En cuanto a los atentados de Paris del 13 de noviembre del 2015, cabe resaltar que los terroristas implicados son jóvenes belgas y franceses (de origen marroquí y argelino), que habían vivido y crecido en estos dos países europeos. En el caso de los atentados del 22 de marzo 2016 en Bruselas, se da la misma configuración, es decir jóvenes belgas, de origen marroquí, pero sin ningún vínculo con el país de sus antepasados. El doble atentado de Barcelona y Cambrils fueron cometidos por una célula yihadista compuesta por 12 ciudadanos marroquíes y españoles de origen marroquí cuya edad oscila entre 17 y 28 años, residentes de forma permanente en España donde habían crecido y educado; la mayoría de ellos se han establecido en España a una edad muy temprana. El cabecilla de la célula, Abdelbaki Essatty (44 años) tenía antecedentes penales por tráfico de droga. Este dato revelador sobre los miembros de la célula terrorista de Barcelona parece no haber interesado a algunos medios de comunicación, más preocupados por poner el acento en el origen y la nacionalidad marroquí de los implicados.
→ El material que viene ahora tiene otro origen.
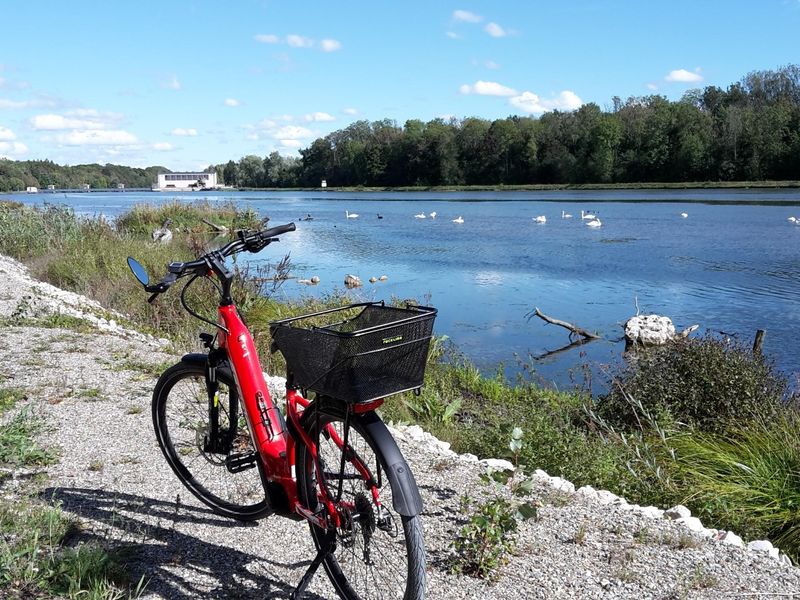 Donau zwischen Günzburg und Offingen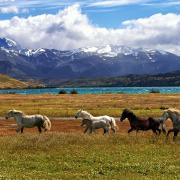 Wild horses in South America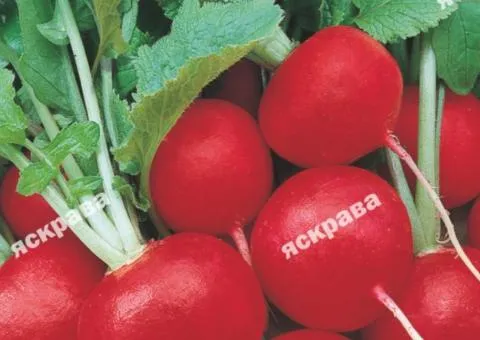 Редиска Ранняя красная 3 г, Семена овощей, 20 шт.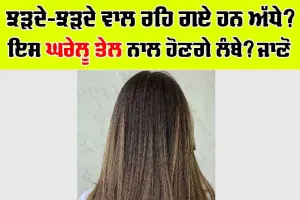 Long Hair: ਝੜਦੇ-ਝੜਦੇ ਵਾਲ ਰਹਿ ਗਏ ਹਨ ਅੱਧੇ? ਇਸ ਘਰੇਲੂ ਤੇਲ ਨਾਲ ਹੋਣਗੇ ਲੰਬੇ?
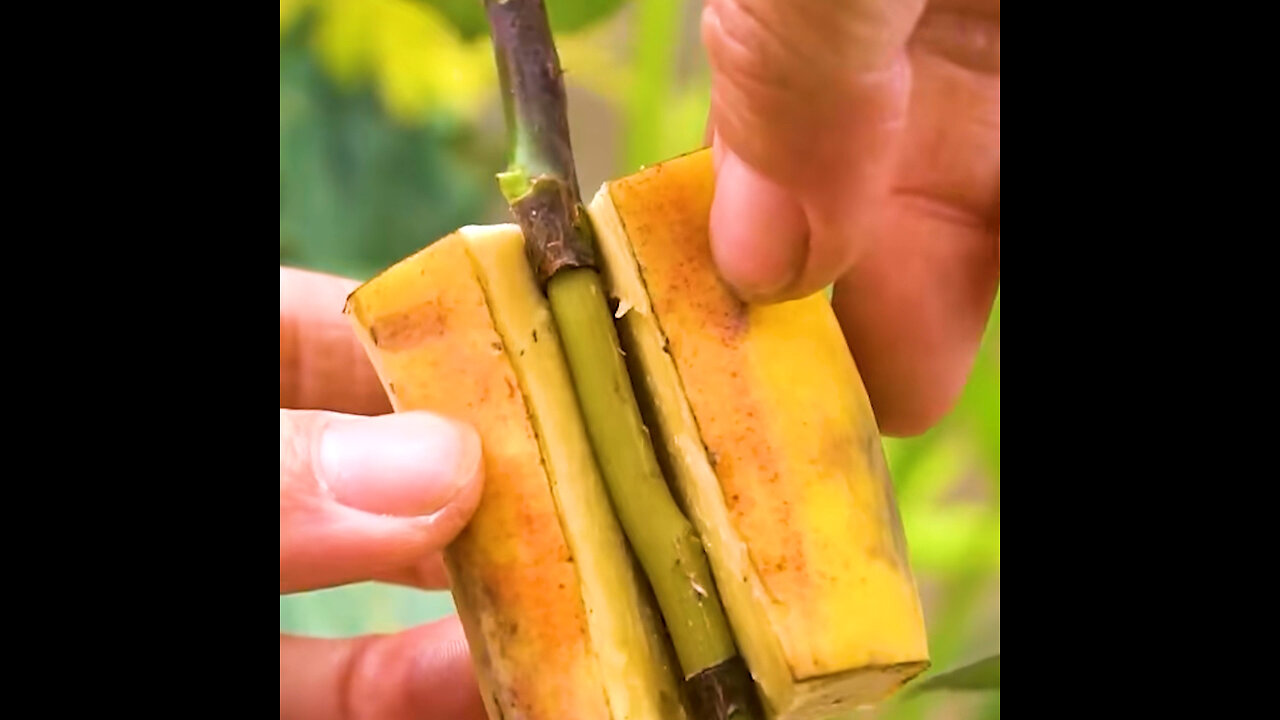 Propagating a rose using a plantain is a creative and unique method! 🌹❣️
En lugar de esto, quizá habría que buscar las causas de esta deriva extremista en la ruptura producida entre algunos de estos inmigrantes y la sociedad que los acoge.
Así que sería una enorme falacia demonizar el país de origen de los terroristas, en este caso Marruecos, partiendo de la evidencia de que éste no es el responsable de los actos de unos ciudadanos que llevan toda su vida en otro país. Son, en definitiva, ciudadanos europeos, productos de las sociedades donde habían crecido y vivido. El señalamiento injusto de Marruecos como “exportador de terroristas” tiende a engañar a la gente haciéndole creer que existe una predisposición genética a la violencia entre los marroquíes en vez de abordar con honestidad el tema de la radicalización de los jóvenes como consecuencia del fracaso de la políticas de integración con el agravante de los problemas de identidad y las frustraciones socioeconómicas, el sentimiento de exclusión y del rechazo, y que son factores que hacen del islamismo radical más atractivo.
Para concluir, cabría señalar que la amenaza terrorista proveniente de estos jóvenes terroristas europeos de origen magrebí pone a Europa ante un nuevo paradigma de terrorismo de masa inspirado por “Daesh”, se ha convertido en un real motivo de preocupación mayor para los servicios de seguridad de los países europeos, y también los es para los propios países de origen de estos jóvenes terroristas. En este sentido, sería de justicia y de más utilidad subrayar la dinámica excelente de la cooperación antiterrorista entre Marruecos y Europa (reconocida por los propios países europeos, y la cual hay que consolidar) que ha dado enormes éxitos abortando muchos planes terroristas encomendados por “Daesh”.